**WHAT TO PRODUCE**
Go to the line with "Black Giant Millipede" in the records below, then output it and each following line exactly, up to and including the line with "14 Days African". Skip pictures and add nothing.

**EXCERPTED DATA**
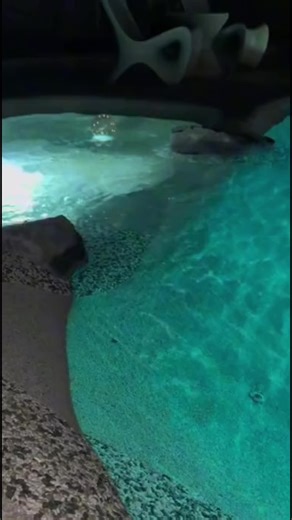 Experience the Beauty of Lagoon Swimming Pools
...
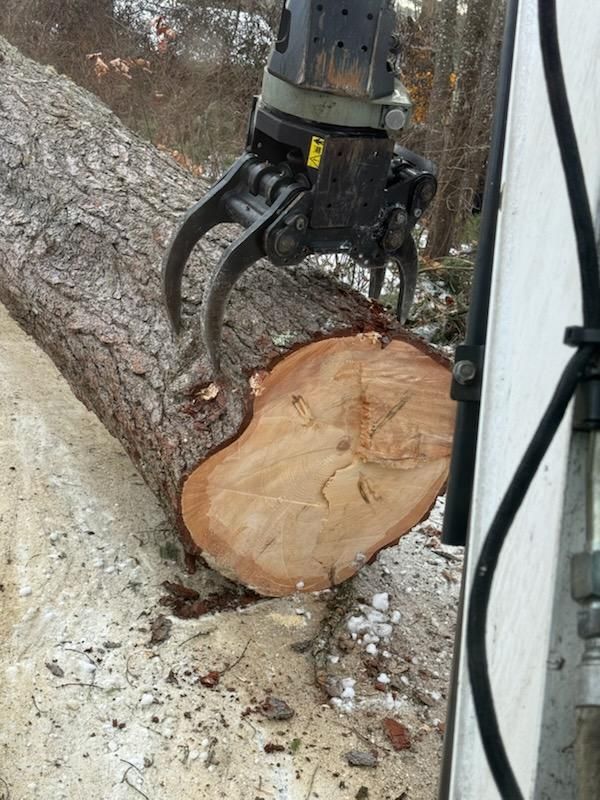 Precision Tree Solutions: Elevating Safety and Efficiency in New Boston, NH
--
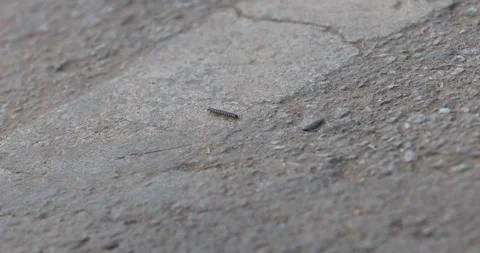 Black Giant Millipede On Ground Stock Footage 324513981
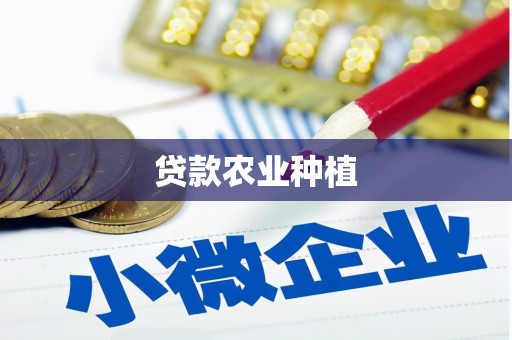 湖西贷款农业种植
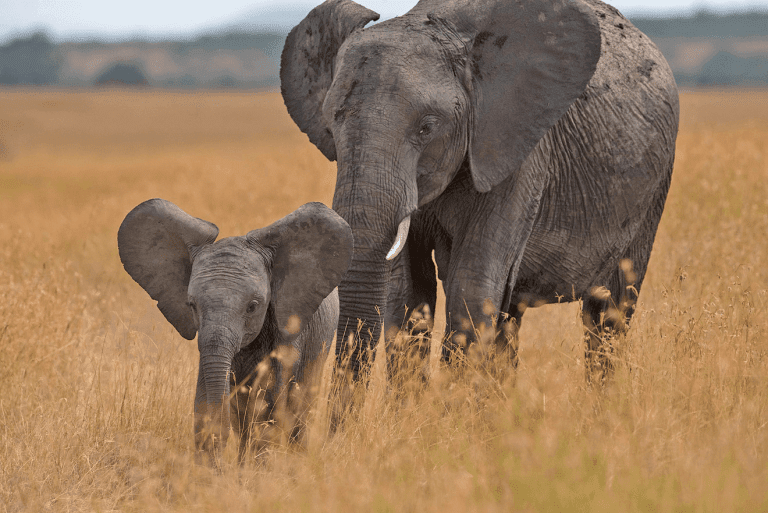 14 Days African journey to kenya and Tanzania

**TASK SOLUTION**
 Black Giant Millipede On Ground Stock Footage 324513981
 湖西贷款农业种植
 14 Days African journey to kenya and Tanzania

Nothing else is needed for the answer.